I am working through Royden and Fitzpatrick's proof of the following lemma:

Lemma. Let $f$ be an increasing function on the closed, bounded interval $[a,b]$. Then for each $\alpha>0$, $$m^*\{x\in (a,b) : \overline{D}f(x) \geq 
\alpha \} \leq \frac{1}{\alpha}[f(b)-f(a)].$$

Here is the relevant part of the proof giving me trouble.

Let $\alpha>0$. Define $E_{\alpha}:=\{x\in (a,b): \overline{D}f(x)\geq\alpha \}$. Choose $\alpha' \in (0,\alpha)$. Let $\mathscr{F}$ be the collection of closed, bounded intervals $[c,d]$ contained in $(a,b)$ for which $f(d)-f(c)\geq \alpha ' (d-c)$. Since $\overline{D}f\geq \alpha$ on $E_{\alpha}$, $\mathscr{F}$ is a Vitali covering for $E_{\alpha}$.

I realize that the questions am I about to pose have been asked here (indeed, I copied-&-pasted the relevant parts from that post), but астон вілла олоф мэллбэрг's answer is much too brief for my liking and the long string of comments, which appear to contain part of the answer to Kurome's question, are way to jumbled to get anything out of them.
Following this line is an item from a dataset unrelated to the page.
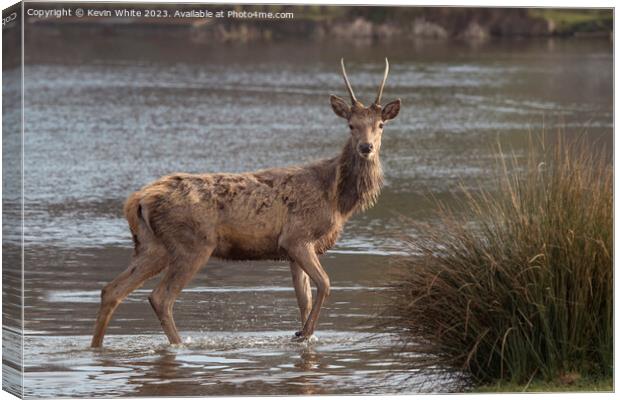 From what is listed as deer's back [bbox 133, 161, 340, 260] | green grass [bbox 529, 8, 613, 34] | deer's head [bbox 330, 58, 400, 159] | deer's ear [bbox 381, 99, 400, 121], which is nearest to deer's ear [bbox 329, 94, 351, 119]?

I have the same question as the OP in the link: why is $\scr{F} \neq \emptyset$ and why is $\scr{F}$ a Vitali covering of $E_\alpha$. Specifically, I don't understand the implication
$$t<\delta \implies\frac{f(x+t)-f(x)}{t}\geq\alpha'$$
holds (I tried unpacking the definition of the upper derivative, but I couldn't see it); nor do I understand how астон вілла олоф мэллбэрг is able to choose $d \in (a,b)$ such that $d-x < \delta$. And why does does $[x,d]$ having a length less than $\delta$ imply $\scr{F}$ is a Vitali covering of $E_\alpha$? That $\delta$ wasn't arbitrary. For ease of references, here is астон вілла олоф мэллбэрг's answer:

[астон вілла олоф мэллбэрг's answer]: Take any $x \in E_\alpha$. Now, since $\overline{D}f(x)\geq\alpha$, it follows that for some small $\delta$, $t<\delta \implies\frac{f(x+t)-f(x)}{t}\geq\alpha'$.


(The definition for the upper derivative above is slightly wrong, I will edit it)


Putting $t=d-x$, this means that $t<\delta \implies f(d)-f(x) \geq \alpha'(d-x)$. The interval $[d,x]$ is in $\mathscr{F}$ for every $d$ close enough to $x$,for arbitrary $x$ in $E_\alpha$. This makes $\mathscr{F}$ a Vitali covering for $E_\alpha$.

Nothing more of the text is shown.